21.5 C
Brasília
sábado, janeiro 31, 2026

Empresas brasileiras entram na cobiçada ‘A List’ do CDP, referência global em transparência ambiental

- Advertisement -spot_imgspot_img
- Advertisement -spot_imgspot_img

Duas empresas brasileiras conquistaram nota máxima na cobiçada “A List” de 2025 do CDP, ranking internacional considerado o “padrão-ouro” em transparência e desempenho ambiental e cada vez mais utilizado por investidores e grandes compradores como um dos critérios para alocação de capital e seleção de fornecedores.

Divulgada nesta quinta-feira, a A List 2025 reconhece organizações que atingiram as pontuações mais altas nas avaliações de práticas de mudanças climáticas, florestas e segurança hídrica.

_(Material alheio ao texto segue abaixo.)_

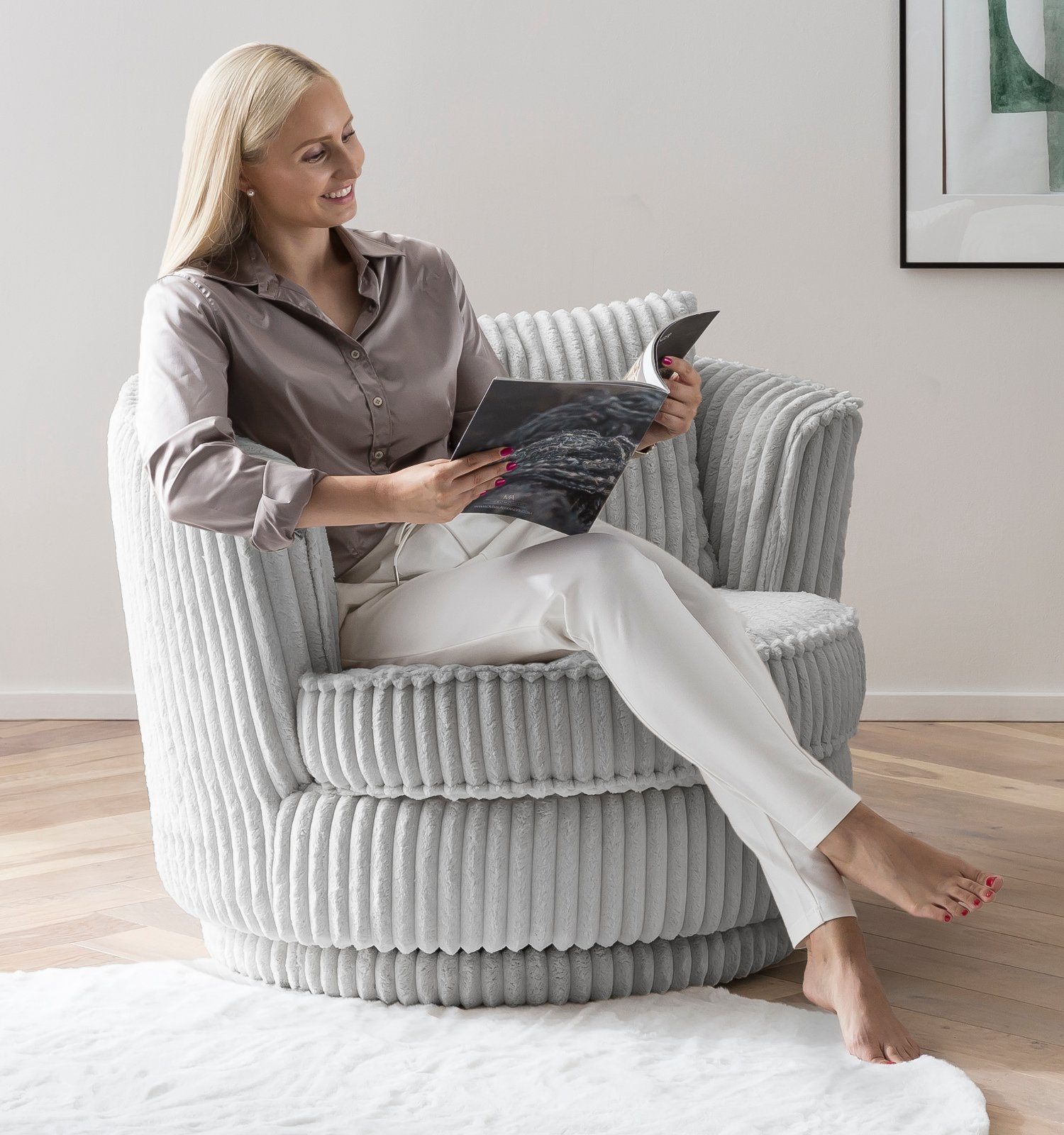 Furn.Design Loveseat Comfy (Komfortsessel in hellgrau günstig online kaufen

Neste ano, 877 empresas em todo o mundo — cerca de 4% das 22.100 avaliadas — alcançaram o selo máximo em ao menos uma das três frentes ambientais avaliadas – Clima, Florestas e Água. Dessas, apenas 23 no mundo todo conquistaram a nota A nas três categorias simultaneamente.

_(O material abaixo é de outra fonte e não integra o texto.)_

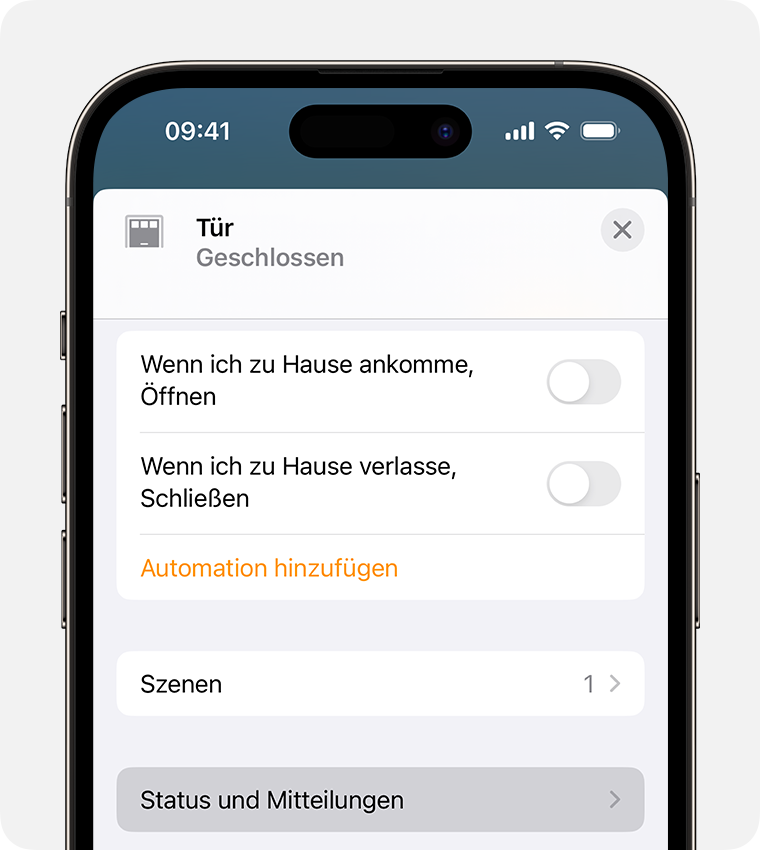 „Status und Mitteilungen“ unter „Szenen“ auf dem Bildschirm mit den Geräteeinstellungen für einen Smarthome-Türsensor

Entre as empresas, quase 20 mil foram efetivamente pontuadas, incluindo mais da metade da capitalização de mercado global. Desse total, mais de 1.600 companhias avaliadas têm sede na América Latina, ampliando a visibilidade regional em um ambiente de crescente exigência por métricas ambientais confiáveis.

Na América Latina, aproximadamente 35 companhias integram a lista em algumas das categorias, mas apenas três obtiveram o reconhecimento “Triple A”, que contempla desempenho de excelência simultâneo nas três frentes ambientais. Duas são brasileiras: a empresa de papel e celulose Klabin e a produtora de proteína animal Marfrig. A Marfrig faz parte hoje do grupo MBFR, resultante da fusão da Marfrig com a BRF. Como a avaliação se deu antes da fusão, Marfrig e BRF foram avaliadas separadamente.

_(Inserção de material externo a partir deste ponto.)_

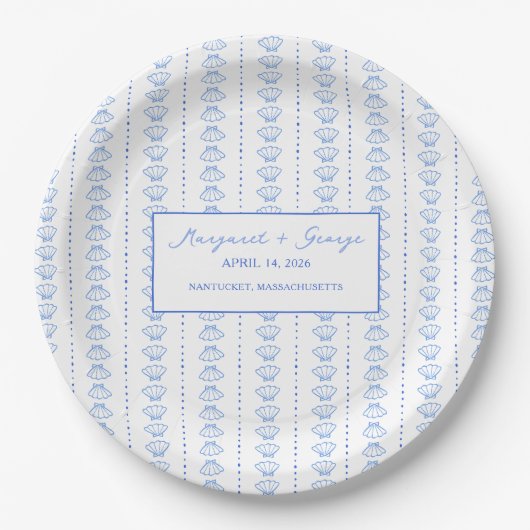 Assiettes En Carton Elégant Mariage côtier marin bleu (Devant)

Seis outra companhias obtiveram pontuação “A” em dois dos três aspectos: Braskem (Clima e Água) BRF (Clima e Água), CPFL Energia (Clima e Água), ENGIE (Clima e Água) , Lojas Renner (Clima e Água), Neoenergia (Clima e Água) e SLC Agrícola (Clima e Floresta).

Desde 2023, o CDP observa crescimento consistente no número de notas máximas concedidas. As avaliações com nota A em mudanças climáticas passaram de 346 para 751 entre 2023 e 2025. Em segurança hídrica, o número saltou de 101 para 263, enquanto, em florestas, avançou de 30 para 55. Para o CDP, os dados indicam maior integração entre a gestão de riscos climáticos e de natureza nas estratégias corporativas.

O avanço regional ocorre em um contexto de crescente pressão do mercado por dados ambientais padronizados e comparáveis, de acordo com a organização. Em 2025, 640 investidores, que juntos administram US$ 127 trilhões em ativos, solicitaram informações ambientais por meio do CDP. Além disso, mais de 270 grandes compradores exigiram dados de cerca de 45 mil fornecedores ao longo de suas cadeias globais, reforçando a consolidação do reporte ambiental como insumo direto para decisões de investimento, crédito e compras corporativas.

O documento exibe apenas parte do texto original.